Data records
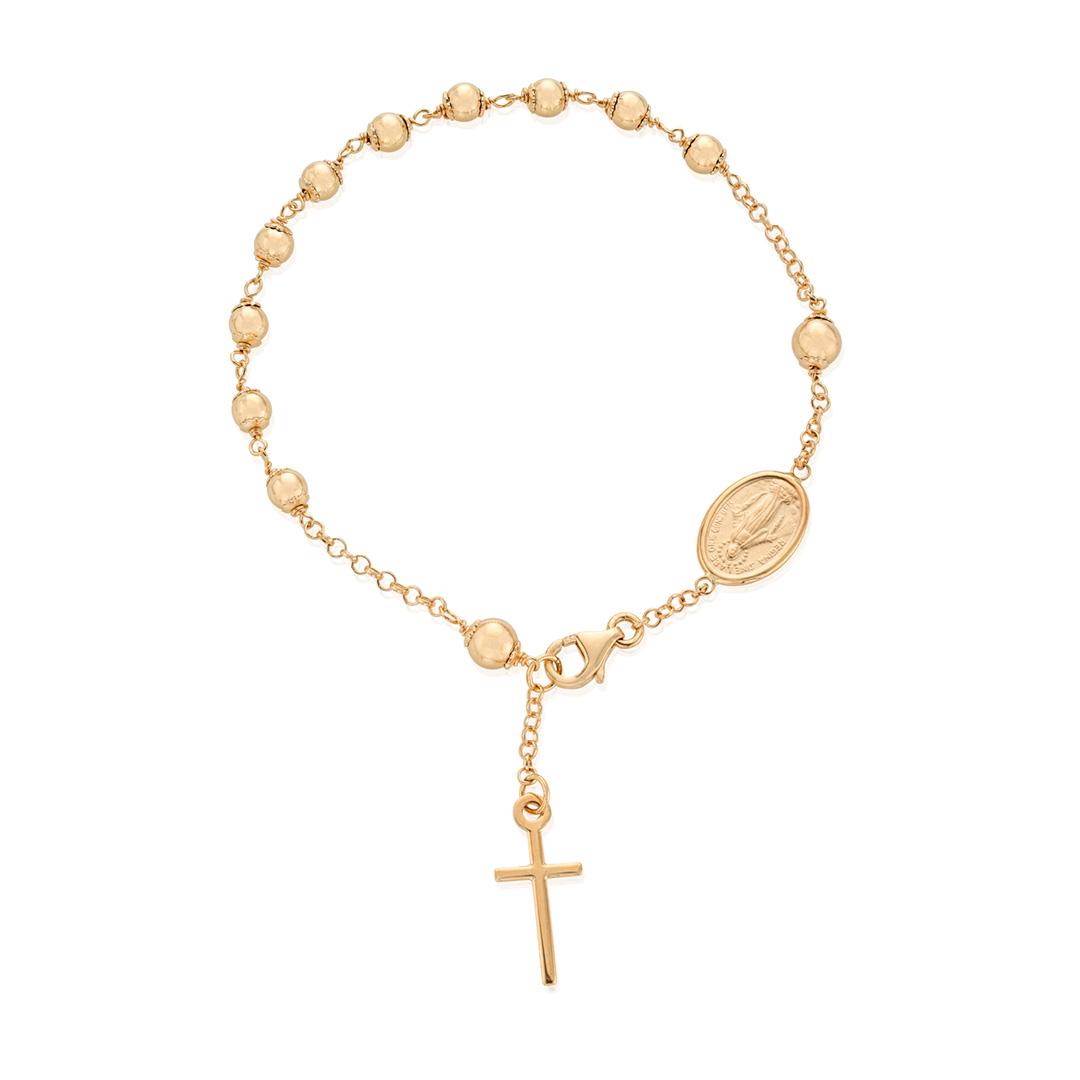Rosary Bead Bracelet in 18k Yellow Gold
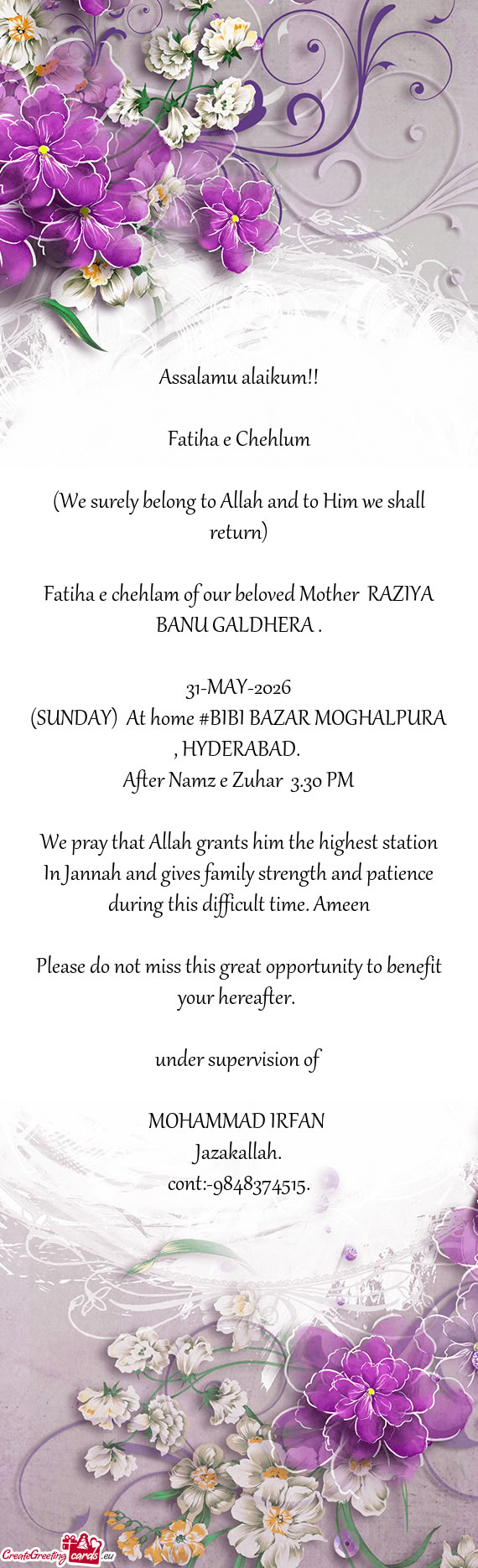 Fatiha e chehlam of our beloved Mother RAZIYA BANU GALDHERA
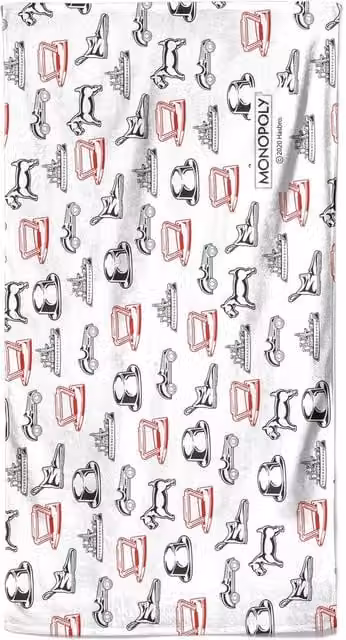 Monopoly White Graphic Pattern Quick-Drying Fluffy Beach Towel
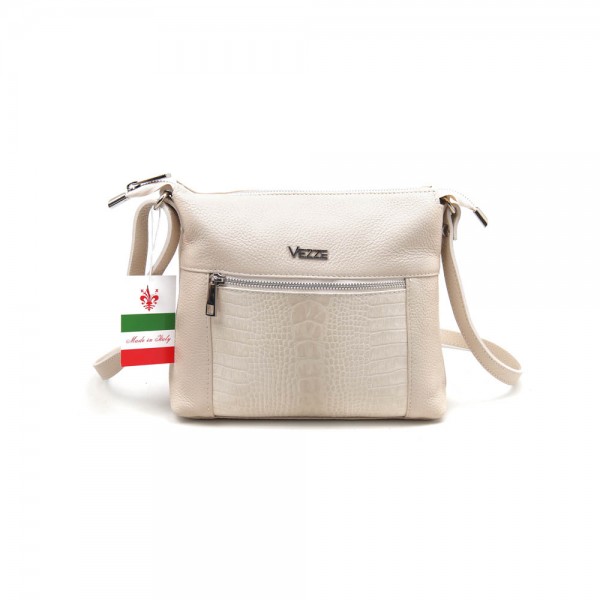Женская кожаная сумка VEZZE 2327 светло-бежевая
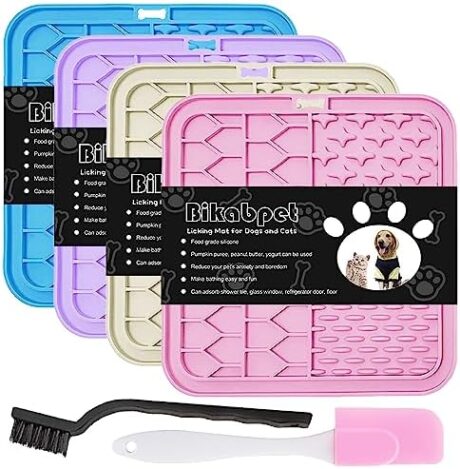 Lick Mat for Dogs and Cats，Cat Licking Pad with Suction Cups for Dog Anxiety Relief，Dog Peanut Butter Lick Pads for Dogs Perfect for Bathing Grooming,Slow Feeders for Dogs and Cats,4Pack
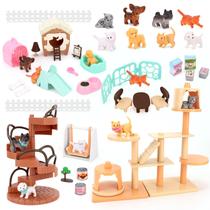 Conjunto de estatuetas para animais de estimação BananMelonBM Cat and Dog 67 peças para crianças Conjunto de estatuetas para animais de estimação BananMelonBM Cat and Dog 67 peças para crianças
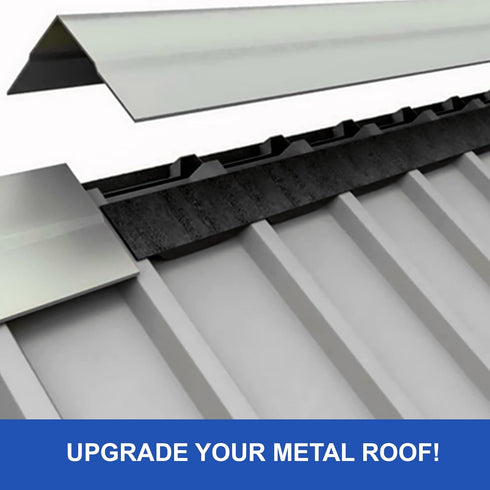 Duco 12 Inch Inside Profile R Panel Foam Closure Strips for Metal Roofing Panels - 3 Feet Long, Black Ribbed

About this task
Print, exactly, each line above from the one with "Fatiha e chehlam" to the one with "Женская кожаная сумка", end lines included. Leave pictures out of it.

Your solution
 Fatiha e chehlam of our beloved Mother RAZIYA BANU GALDHERA
 Monopoly White Graphic Pattern Quick-Drying Fluffy Beach Towel
Женская кожаная сумка VEZZE 2327 светло-бежевая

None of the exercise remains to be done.